BEIJING – There can be no winners in a war between the U.S. and North Korea over Pyongyang's nuclear weapons and missile programs, Chinese Foreign Minister Wang Yi said, while pledging support for dialogue between the sides.
Wang's comments Friday mark the latest attempt to cool tensions by North Korea's most important ally and key provider of food and fuel aid. Any fighting on the Korean Peninsula is likely to draw in China, which has repeatedly expressed concerns about a wave of refugees and the possible presence of U.S. and South Korean troops on its border.
China also has grown increasingly frustrated with the refusal of Kim Jong Un's regime to heed its admonitions, and in February cut off imports of North Korean coal that provide Pyongyang with a crucial source of foreign currency.
State media reported late Friday that starting Monday, the Chinese flag carrier Air China will cancel flights from Beijing to Pyongyang due to poor ticket sales.
A booking hotline operator reached Saturday said there were no more flights to Pyongyang for the rest of the month. She said that according to a flight schedule, there would be flights in May, June and July, but that tickets were not available for booking or purchase yet.
Air China and North Korea's Air Koryo are the only two airlines serving that route, with the latter operating on Mondays, Wednesdays and Fridays.
"Once a war really happens, the result will be nothing but multiple loss. No one can become a winner," Wang told reporters at a news conference with French Foreign Minister Jean-Marc Ayrault.
"Therefore, we call upon all the parties, no matter verbally or in action, to stop provoking and threatening each other and not to allow the situation to become irretrievable and out of control," Wang said.
He urged all sides to take a flexible approach to resuming dialogue.
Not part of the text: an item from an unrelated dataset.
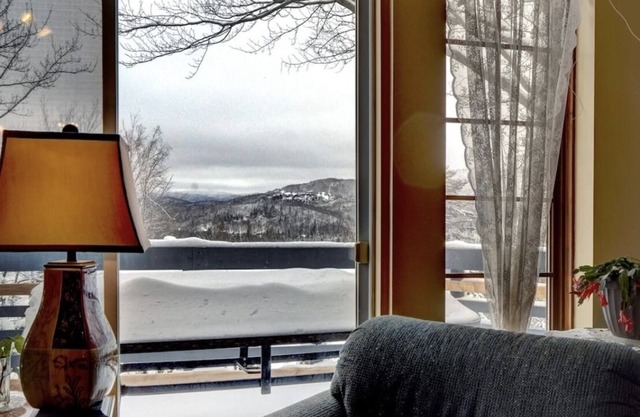 Chalet des Monts near Mont Tremblant w/ Spa + Fireplace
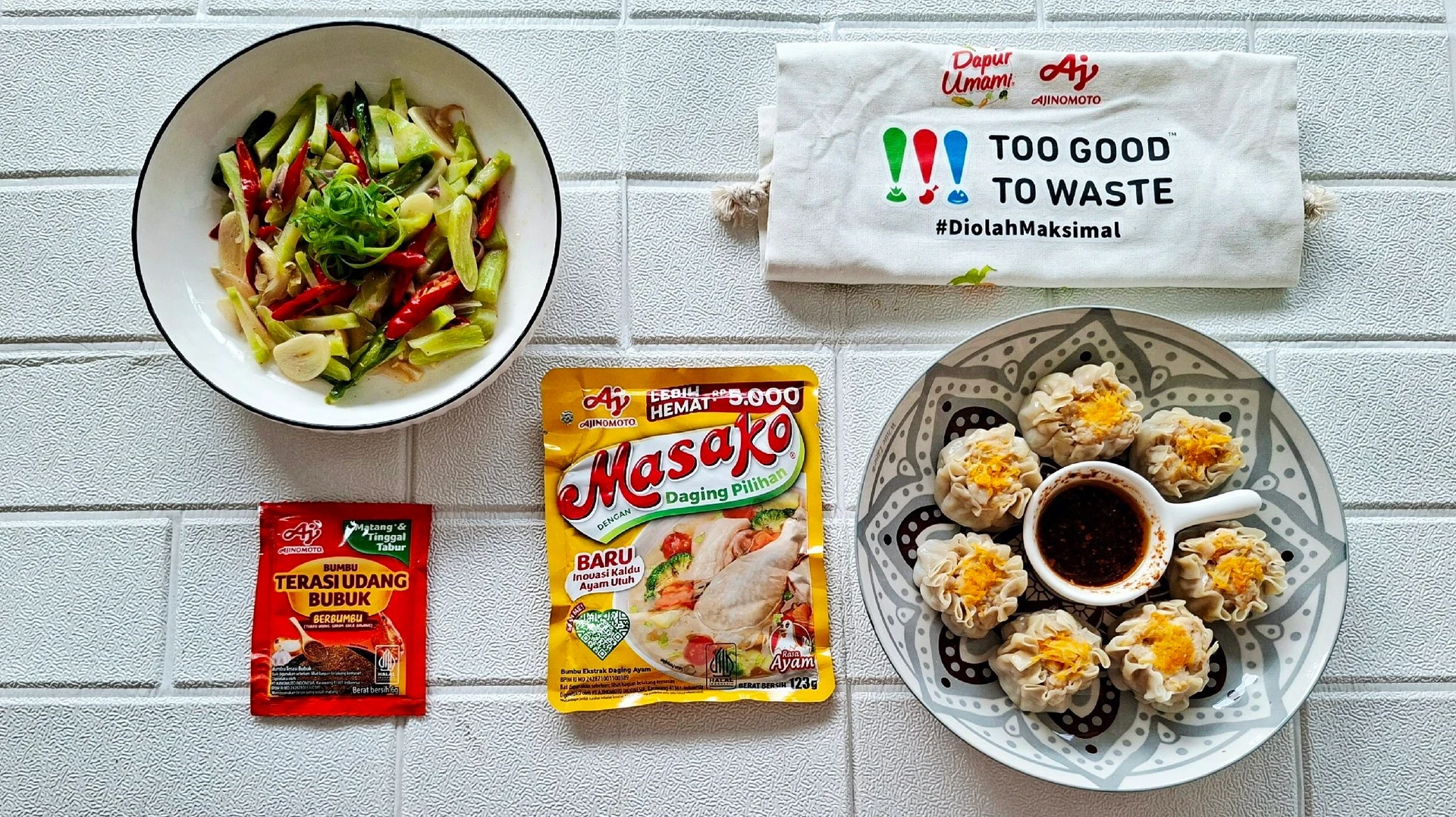 Menu Day 5 #7HariDapurBijak Tumis batang brokoli ala Ajinomoto dan Siomay Ayam Sayur ala Masako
"As long as dialogue takes place, it can be official or unofficial, through one channel or dual channels, bilateral or multilateral. China is willing to give support to all of them," Wang said.
Wang last month urged North Korea to suspend its nuclear weapon and missile tests in exchange for South Korea and the U.S. putting their war games on hold, reviving a proposal first raised by Pyongyang. Washington swiftly dismissed the idea, but some observers have said administration officials may be becoming more amenable to renewed dialogue with the North.
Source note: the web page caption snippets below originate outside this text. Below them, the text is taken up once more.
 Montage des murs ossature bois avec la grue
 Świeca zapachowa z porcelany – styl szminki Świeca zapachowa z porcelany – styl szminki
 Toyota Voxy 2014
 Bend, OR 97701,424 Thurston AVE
Earlier Friday, North Korea's Vice Minister Han Song Ryol told The Associated Press in an exclusive interview that his country will keep building up its nuclear arsenal in "quality and quantity" and said Pyongyang is ready to go to war if that's what President Donald Trump wants.
Chinese experts said they see little immediate possibility of hostilities breaking out, but warned that Beijing will respond harshly to any further North Korean nuclear tests.
Director of Jilin University's Institute of Northeast Asian Studies Guo Rui said that Trump's domestic troubles should prevent him taking such action, while North Korea doesn't appear to be on a war footing. Another nuclear test would invite tougher measures from Beijing, Guo said.
Pang Zhongying of the School of International Studies at Beijing's Renmin University agreed that military action was unlikely, but said another North Korean nuclear test would mark "the crossing of a red line" that China was prepared to respond to.